Re: detection/correction of corruption with raid6

Neil Brown <neilb@xxxxxxx> · Fri, 19 Dec 2008 15:39:39 +1100

On Wednesday December 17, piergiorgio.sartor@xxxxxxxx wrote:
> On Tue, 2008-12-16 at 23:25 +0100, Redeeman wrote:
> [...]
> > > Why a RAID system might have inconsistencies?
> > > Why do we have a "check" command at all, to run weekly or monthly?
> > As previously stated in discussion, while most bitflips etc does not
> > happen on disk(apparently), they do happen, whether its in ram, pci,
> > controller etc...
> 
> Ah! You spoiled it! :-)
> 
> Actually I was waiting for an answer from Neil Brown.
> 
> Because I'm under the impression that if it is not the HD,
> it does not count... See below...

Suppose we agree that bit flips don't happen (undetected) on drive
media.  But that bit flips can happen elsewhere (memory.  IO Buss
etc).

And then suppose we discover that a bit-flip has happened.  What does
that tell us?
Maybe it tells us that our hardware is dodgey.  So it cannot be
trusted to reliably do anything we tell it.  So maybe we shouldn't
tell it to do anything. ??

And when we find a corruption, we clear cannot know if it is corrupt
on disk (a previous write went bad) or just in memory (e.g. a recent
read was bad).
In the latter case, writing anything to disk is probably the wrong
thing to do.  In the former case it might be a good thing to do - if
we can be fairly sure that the error happens very rarely.
And of course we cannot know if it was due to a bad read or a bad
write.  So the safe course is to not write anything to disk.

Where does that leave us?

About the only thing that makes sense is to always read all the blocks
in a stripe, and to perform a consistency test before responding to
any read request.  If an inconsistency is found, we log what we know,
and only return data if we have some reason to believe something is
still valid (e.g. a majority vote for raid1).

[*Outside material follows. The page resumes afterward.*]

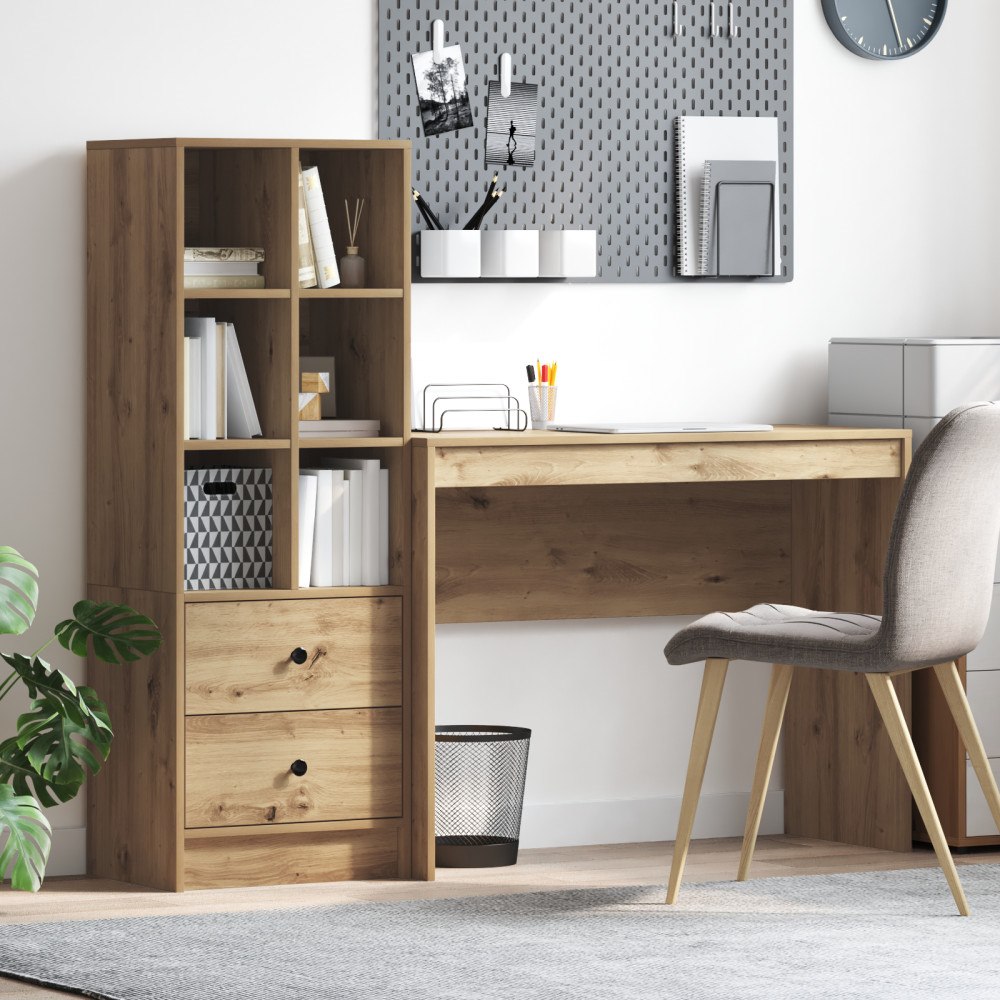 vidaXL Skrivbord med Förvaring Artisan Ek Konstruerat Trä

And for raid5/6, a write would require:
  read whole stripe
  check consistency
  copy in new data
  update parity
  write out changed blocks

This is going to be a substantial slowdown.

And does it really increase your data security?  or is it like putting
a lock on your front door but not on your back door?

I guess it would provide some protection against low-frequency errors
in the controller/cable/drive.

But given the high cost and the fairly low value, I wonder how many
people would really use it....

> 
> Final point. More or less one year ago the same topic popped up,
> with similar discussion.
> At the end of the thread someone was asking if patches are
> accepted in order to implement this feature.
> I could not find any answer to that question in the archive.
> 
> What is the idea? Are patches accepted? Rejected by default?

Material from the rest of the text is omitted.